The £11m campus, in Limavady will see Limavady High School and St Mary’s High School share new buildings with science, technology, drama and media classrooms.
They will remain separate schools but with share some classes and facilities.
The project was approved by the Department of Education in 2014.
However, it has taken seven years for work to formally begin.
It is expected to take about two years for the new facilities to be built.
Plans for shared campuses were initially part of the Northern Ireland Executive’s Together: Building a United Community (TBUC) strategy.
They would allow pupils from different backgrounds in separate schools to come together to share classes and new buildings.
The biggest was set to be the Strule campus on the former Lisanelly Army base in Omagh, where six schools will eventually be built.
But though plans for that project were first announced in 2011, it has run into a number of delays.

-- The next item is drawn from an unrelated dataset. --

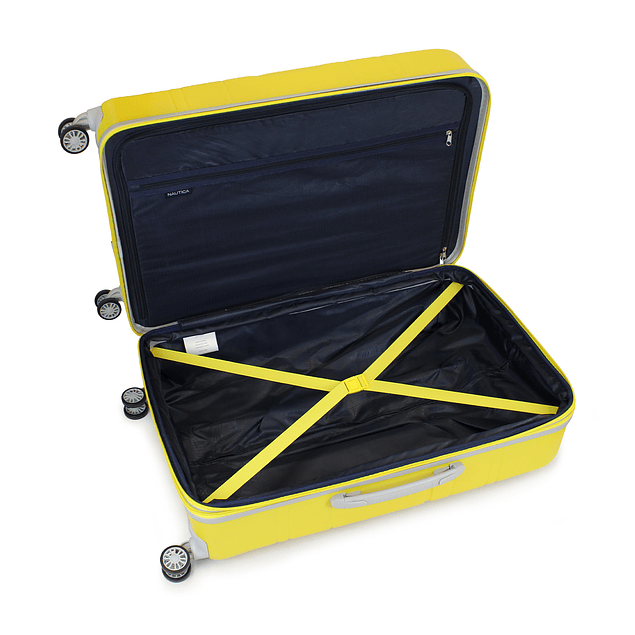 Maleta grande Nautica Palermo L 23kg amarillo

Arvalee Special School, which opened in 2016, is the only one of six schools to be built so far and the campus will not be completed until 2025 at the earliest.
Therefore, the smaller Limavady campus will be the first built.
Many schools, though, do take part in shared education partnerships.
Shared education involves pupils from separate schools and different backgrounds engaging in some joint classes and activities.
Teachers and school governors from different schools can also work together.
It differs from integrated education where pupils from Catholic, Protestant and other backgrounds are educated together in the same school.
Limavady High School and St Mary’s High School are both on the town’s Irish Green Street and are separated by a single footpath.
Pupils from the two schools have been coming together for some classes and extra-curricular activities since the 1970s.
Limavady High offers subjects like drama and learning for life and work to pupils from St Mary’s High.
In return, pupils from Limavady High go to St Mary’s High to study some technology-based subjects.
The new shared campus buildings will include one of the only engineering suites in a post-primary school in the North of Ireland.
A sixth-form centre, drama, careers and media hub are also part of the new campus.
Education Minister Peter Weir will cut the first sod on the £11m project on Wednesday.